──────── DATA RECORDS ────────
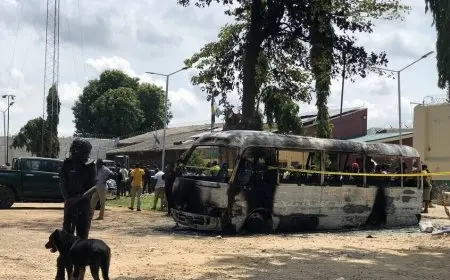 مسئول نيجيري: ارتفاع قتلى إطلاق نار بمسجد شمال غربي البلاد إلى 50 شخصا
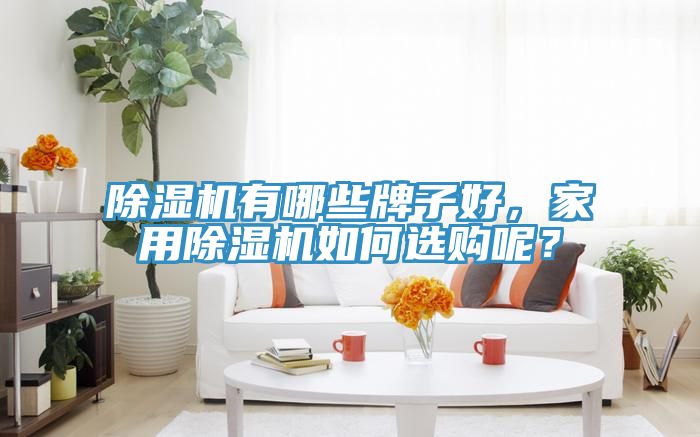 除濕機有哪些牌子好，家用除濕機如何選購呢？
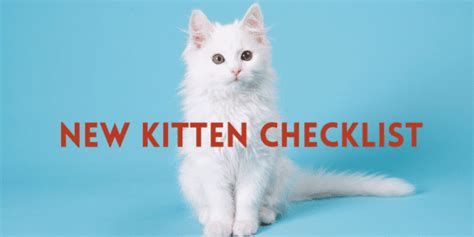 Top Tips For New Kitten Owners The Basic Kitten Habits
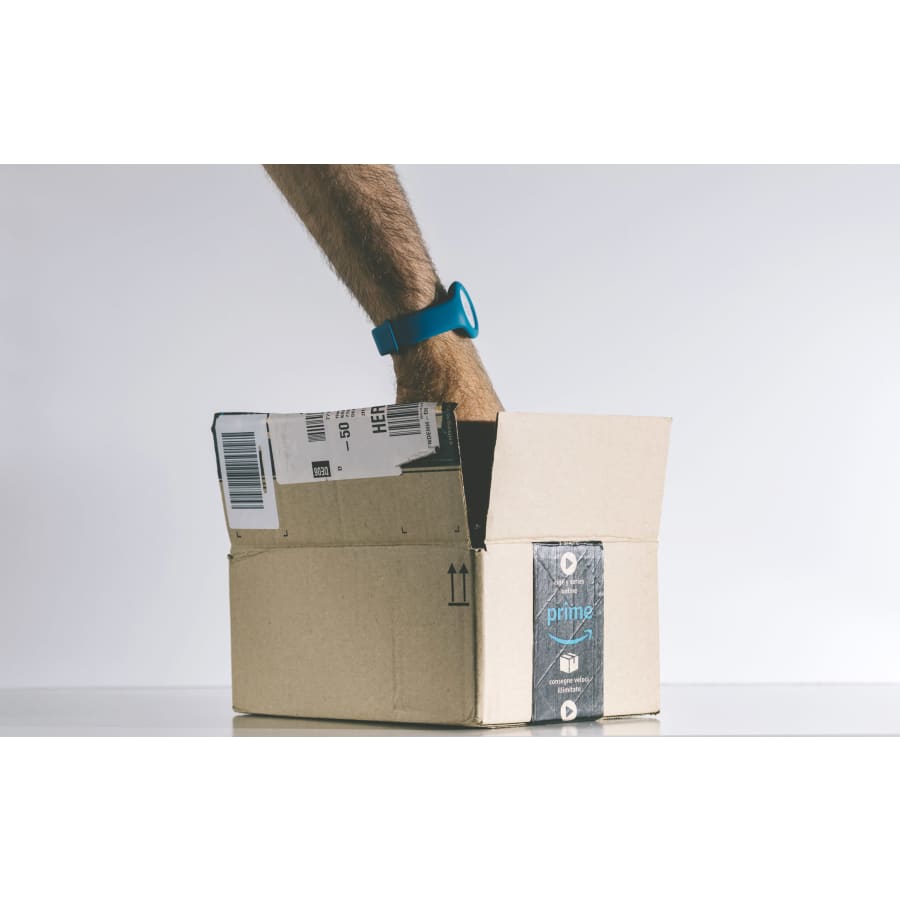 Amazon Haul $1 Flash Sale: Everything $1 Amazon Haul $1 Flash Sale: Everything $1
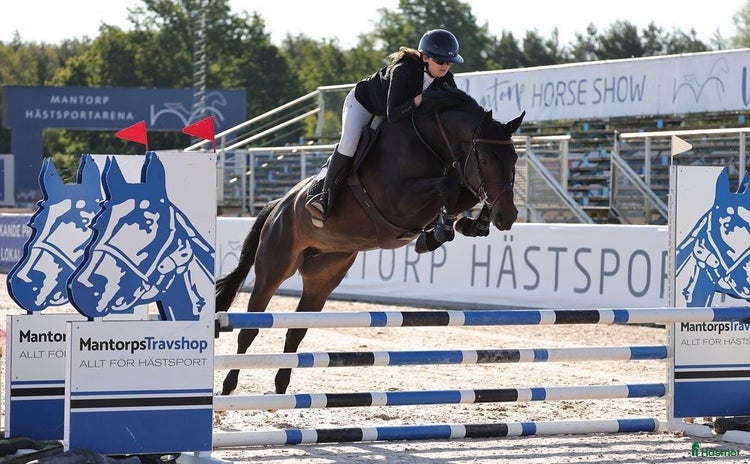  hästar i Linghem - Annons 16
────────
__WORK TO COMPLETE__
In the records above, locate the line containing "Top Tips For", then copy exactly that line and every line after it through the end, omitting pictures.

__EXERCISE OUTPUT__
 Top Tips For New Kitten Owners The Basic Kitten Habits
 Amazon Haul $1 Flash Sale: Everything $1 Amazon Haul $1 Flash Sale: Everything $1
  hästar i Linghem - Annons 16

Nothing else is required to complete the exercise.